The heart consists of 4 chambers - the right and left atrium (These are the chambers that receive the blood - the right atrium receives impure blood from the rest of the body and left atrium receives pure blood from the lungs) and the right and left ventricles (These are the chambers that pump the blood from the heart - right ventricle receives impure blood from right atrium and sends it to the lungs and left ventricle receives pure blood from left atrium and sends it to the body). Right atrium is separated from the right ventricle by a valve called as tricuspid valve. Left atrium is separated from the left ventricle by a valve called as mitral valve. The function of the valve is to allow blood to flow from each atrium to their respective ventricle. In tricuspid atresia, there is no tricuspid valve. Thus no blood can flow from right atrium to the right ventricle. Thus the right ventricle is small and not fully developed. The impure blood then that reaches the right atrium flows through a hole between the right atrium and left atrium (atrial septal defect) to the left atrium and then to the left ventricle. Thus the left ventricle receives both pure and impure blood.
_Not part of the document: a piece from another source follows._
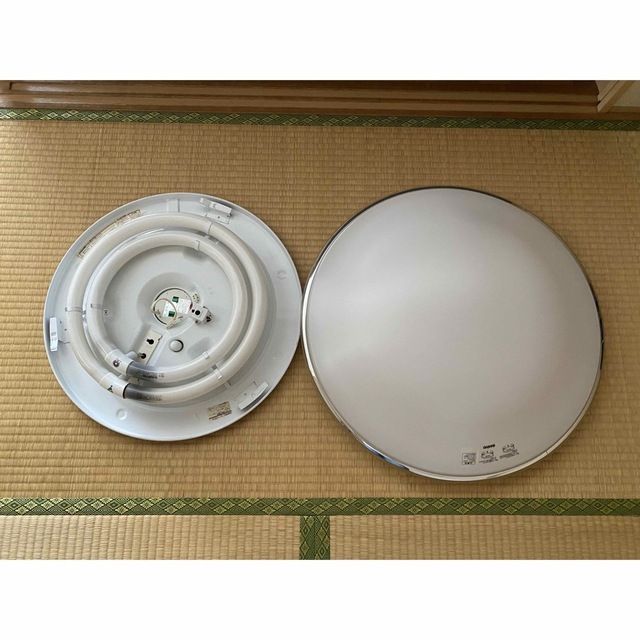SANYO(サンヨーショウカイ)のシーリングライト♬ インテリア/住まい/日用品のライト/照明/LED(天井照明)の商品写真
This blood then is sent to the body and certain amount reaches the right ventricle by a hole between the two ventricles (Ventricular Septal Defect) and then to the lungs and from there after it is oxygenated it goes back to the left atrium.

What are the symptoms of tricuspid atresia?
Since there is mixing of both pure and impure blood in the heart and that blood causes into the body, the child may appear blue. Some children may have too much blood flowing into the lungs through the hole in the ventricles and this could lead to breathlessness. Since the heart has to function more to supply adequate oxygen to the body, there may be heart failure and growth retardation.

How is tricuspid atresia diagnosed?
The diagnosis is made by echocardiography.

What are the other problems associated with tricuspid atresia?
About 15-20% of patients with tricuspid atresia may have other heart defects. Sometimes pulmonary valve (valve that regulates flow from right ventricle to the lungs) may be absent and volume of blood reaching the lungs may be low and thus less blood will get oxygenated leading to increased bluish colour of skin. Some patients have problems of the arteries.

What is the treatment of tricuspid atresia?
The treatment consists of surgical repair. Without surgery, the patient rarely survives to adulthood. In case of absence of pulmonary valve may require a shunt to increase blood flow to the lungs. In this, a connection is made from the arteries such as subclavian artery or aorta to the pulmonary artery to increase oxygenation of blood and decrease bluishness.

In patients where more amount of blood is reaching the lungs, then pulmonary artery is banded to decrease blow flow to the lungs and to decrease workload of the heart. Corrective surgery in form of Fontan surgery is done when the child is older (after 4 years of age). This consists of connecting right atrium to the pulmonary artery and the hole in the atrium and ventricle is closed. Children with tricuspid atresia require lifelong follow up by a cardiologist.